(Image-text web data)
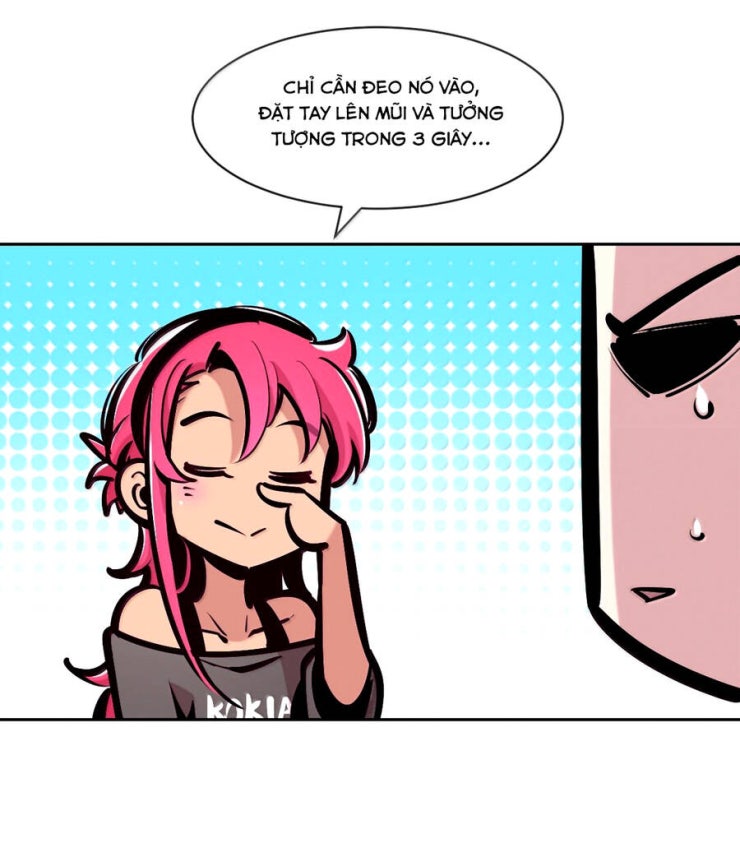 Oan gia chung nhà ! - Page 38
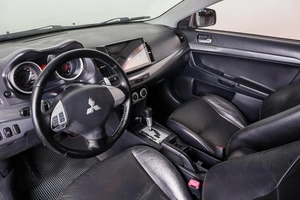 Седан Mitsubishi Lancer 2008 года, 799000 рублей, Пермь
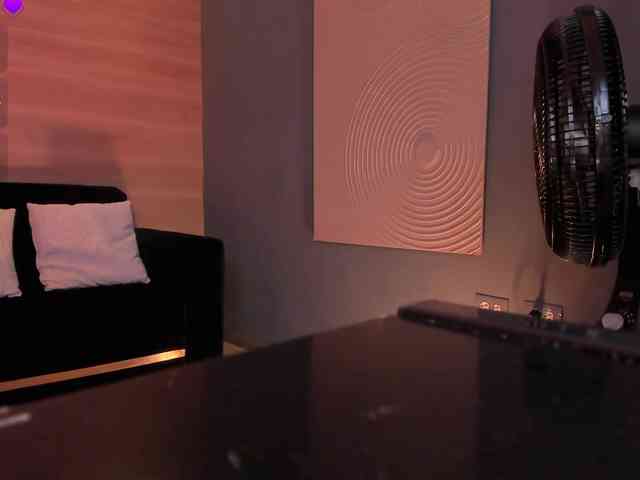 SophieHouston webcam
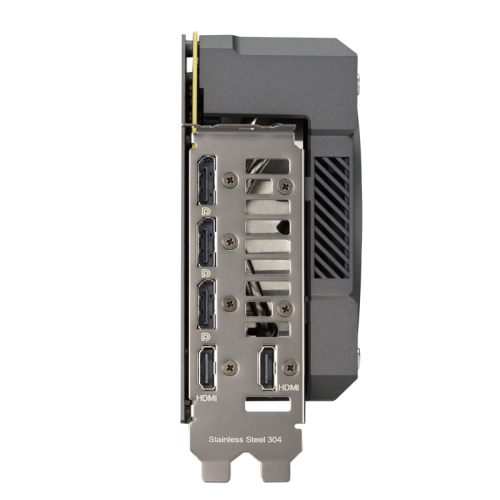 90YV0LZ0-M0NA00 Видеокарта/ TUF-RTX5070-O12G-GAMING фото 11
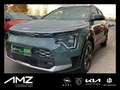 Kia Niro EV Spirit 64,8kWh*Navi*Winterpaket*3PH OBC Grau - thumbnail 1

■ **DESCRIPTION OF THE TASK**
Set down all the lines above exactly as they appear, with no pictures.

■ **ANSWER BOX**
 Oan gia chung nhà ! - Page 38
 Седан Mitsubishi Lancer 2008 года, 799000 рублей, Пермь
 SophieHouston webcam
 90YV0LZ0-M0NA00 Видеокарта/ TUF-RTX5070-O12G-GAMING фото 11
 Kia Niro EV Spirit 64,8kWh*Navi*Winterpaket*3PH OBC Grau - thumbnail 1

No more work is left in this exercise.